The collections span his whole career to date with everything from the sublime gender swapping outfits, the first male skirt on the catwalk, the punk tartan suits and specially designed mowhawk’s and the couturier pieces individually labelled to show the hours spent on each outfit to the endearingly ridiculous aspects such as his spitting image doll from the 80’s show. As entertaining and thought provoking as his collections have been they are also highly skilled and it is breathtaking to observe in such close proximity the intricacy of the couture and demi couture pieces. The mannequins deserve a special mention and are a spectacle in themselves with faces projected upon them to create a lifelike quality.

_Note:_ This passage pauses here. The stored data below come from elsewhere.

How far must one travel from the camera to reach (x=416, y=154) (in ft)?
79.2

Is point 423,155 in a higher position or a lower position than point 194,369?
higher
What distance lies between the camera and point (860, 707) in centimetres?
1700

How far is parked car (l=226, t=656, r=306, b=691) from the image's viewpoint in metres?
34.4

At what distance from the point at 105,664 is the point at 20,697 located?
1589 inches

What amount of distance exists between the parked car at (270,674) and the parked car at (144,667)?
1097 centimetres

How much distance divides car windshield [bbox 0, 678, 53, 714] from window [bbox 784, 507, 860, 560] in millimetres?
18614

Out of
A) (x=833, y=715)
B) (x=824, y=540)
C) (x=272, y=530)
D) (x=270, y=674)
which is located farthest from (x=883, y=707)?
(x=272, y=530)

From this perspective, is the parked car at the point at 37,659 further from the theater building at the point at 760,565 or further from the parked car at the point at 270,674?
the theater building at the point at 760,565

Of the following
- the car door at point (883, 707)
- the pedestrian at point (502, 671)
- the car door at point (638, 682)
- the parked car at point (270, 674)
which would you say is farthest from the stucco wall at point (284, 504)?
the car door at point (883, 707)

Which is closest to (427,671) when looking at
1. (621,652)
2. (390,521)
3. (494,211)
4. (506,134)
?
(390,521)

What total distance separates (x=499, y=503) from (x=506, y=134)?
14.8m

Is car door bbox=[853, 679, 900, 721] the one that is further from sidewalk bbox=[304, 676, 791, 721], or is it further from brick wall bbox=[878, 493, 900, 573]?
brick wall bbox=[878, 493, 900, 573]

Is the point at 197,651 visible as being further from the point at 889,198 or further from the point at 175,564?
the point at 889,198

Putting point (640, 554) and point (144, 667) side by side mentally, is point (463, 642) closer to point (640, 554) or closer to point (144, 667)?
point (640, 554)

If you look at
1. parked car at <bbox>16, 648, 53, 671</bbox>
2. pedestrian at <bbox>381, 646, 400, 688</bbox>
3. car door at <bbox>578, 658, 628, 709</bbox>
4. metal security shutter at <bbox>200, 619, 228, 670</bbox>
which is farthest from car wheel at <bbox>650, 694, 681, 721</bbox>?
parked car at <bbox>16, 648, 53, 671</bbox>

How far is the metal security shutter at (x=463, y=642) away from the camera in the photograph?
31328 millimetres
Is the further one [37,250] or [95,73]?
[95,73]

They are truly captivating when you walk in and were imagined by Gaultier as he joked that ‘museums were for dead people’, he did not want to have a serious exhibition with minimalistic neoclassical style mannequins, instead he envisioned a show that really celebrated not only his work but the people that have inspired him.

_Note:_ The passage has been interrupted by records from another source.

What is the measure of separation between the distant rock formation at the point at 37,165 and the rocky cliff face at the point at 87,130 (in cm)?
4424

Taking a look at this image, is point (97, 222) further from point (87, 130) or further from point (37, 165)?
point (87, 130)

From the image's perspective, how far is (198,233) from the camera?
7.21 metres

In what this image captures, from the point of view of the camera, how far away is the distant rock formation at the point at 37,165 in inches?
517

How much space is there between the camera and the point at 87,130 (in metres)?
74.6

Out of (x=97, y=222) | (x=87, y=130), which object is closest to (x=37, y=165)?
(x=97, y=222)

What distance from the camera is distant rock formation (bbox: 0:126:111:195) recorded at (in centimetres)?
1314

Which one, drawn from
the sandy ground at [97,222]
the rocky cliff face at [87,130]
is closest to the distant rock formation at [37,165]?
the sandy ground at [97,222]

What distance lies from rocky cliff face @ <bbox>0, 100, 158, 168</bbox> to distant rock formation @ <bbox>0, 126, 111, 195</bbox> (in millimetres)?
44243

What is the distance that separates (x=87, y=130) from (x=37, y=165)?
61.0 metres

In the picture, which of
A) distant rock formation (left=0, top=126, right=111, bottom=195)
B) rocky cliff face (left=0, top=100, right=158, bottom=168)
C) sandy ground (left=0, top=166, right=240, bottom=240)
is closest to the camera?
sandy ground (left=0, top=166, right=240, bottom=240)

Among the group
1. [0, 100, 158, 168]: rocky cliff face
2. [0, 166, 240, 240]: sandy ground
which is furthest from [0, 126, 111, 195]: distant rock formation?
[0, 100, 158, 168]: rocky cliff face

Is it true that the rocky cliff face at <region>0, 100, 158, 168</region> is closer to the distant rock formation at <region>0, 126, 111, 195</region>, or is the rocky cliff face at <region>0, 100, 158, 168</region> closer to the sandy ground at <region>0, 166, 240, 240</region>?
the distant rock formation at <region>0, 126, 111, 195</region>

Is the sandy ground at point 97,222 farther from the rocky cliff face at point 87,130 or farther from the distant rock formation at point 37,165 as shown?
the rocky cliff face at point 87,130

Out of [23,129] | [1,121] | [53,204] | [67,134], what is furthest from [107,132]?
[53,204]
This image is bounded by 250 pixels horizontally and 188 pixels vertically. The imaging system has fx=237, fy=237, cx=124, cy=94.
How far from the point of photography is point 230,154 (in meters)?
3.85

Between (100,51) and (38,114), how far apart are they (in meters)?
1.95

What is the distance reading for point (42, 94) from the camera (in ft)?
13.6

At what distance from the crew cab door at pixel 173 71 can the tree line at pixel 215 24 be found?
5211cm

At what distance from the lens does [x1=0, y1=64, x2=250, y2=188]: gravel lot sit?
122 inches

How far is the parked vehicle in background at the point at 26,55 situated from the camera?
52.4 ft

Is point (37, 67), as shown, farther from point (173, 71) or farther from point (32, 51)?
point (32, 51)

I was reminded that Jean Paul Gaultier has had a colourful and diverse career outside of his own fashion house too, from creative director at Hermés to hosting his own TV show; if you are old enough you will no doubt remember Eurotrash with its brightly coloured studio hosting whimsical, tongue in check and sometimes outrageous content. He was even immortalised with his own Spitting Image puppet.
If all this was not enough, JPG has designed and collaborated on many film costumes, the most well known is Luc Besson’s The Fifth Element which is one of my favourite films. If I could have been any character in a film it would have been Leeloo although I could only dream of pulling off the bandage/ orange brace combo. You may be surprised to know he has collaborated on many visually beautiful films with Pedro Almodóvar on Kika, La Mala Educación (Bad Education) and The Skin I Live in and he created the avant garde costumes in Peter Greenaway’s The Cook, The Thief, His Wife and Her Lover. This is a true testament to his understanding of clothes and the powerful statement they make in that his costumes often translate a character to the audience before the have spoken a single scripted word. Putting aside my own sense of underachievement after an hour spent marvelling one persons career, this show truly evokes an emotion when you visit, JPG is everywhere in it and his sentiment that everyone is beautiful and that fashion is fun is palpable. It is a testament to a show when it is curated in a way that can leave you feeling you have stepped inside an artists mind and felt their values and to an extent their vision.
At the beginning of the exhibition a JPG mannequin welcomes you in English and in French and he tells you that he is not an artist but a person who loves clothes … but I disagree, I think he is a true artist. I’ll leave you with quote from Boy George on his work as I feel it gives a true example of how his designs affect people
“I was not a drag queen. I was in a blurry area that people couldn’t figure out ;they couldn’t categorise me, put me in a box. People had a misconception of what homosexuality really was; they didn’t realise that not all homosexuals could be defined by the usual stereotypes. If a gay man did not exactly fit into what people thought of as the gay scene, he was an outsider in a world of outsiders. In the 1980s and 1990s, many new types of sexuality were begin explored and the definitions were changing. In this respect, Gaultier’s use of feminine elements in mens clothing and making it look ‘normal’ were truly groundbreaking.” Boy George The Fashion World of Jean Paul Gaultier: From the Sidewalk to the Catwalk is organized by the Montreal Museum of Fine Arts, in collaboration with Maison Jean Paul Gaultier, Paris. The exhibition is curated by Thierry-Maxime Loriot of the MMFA. The show is held at the Barbican.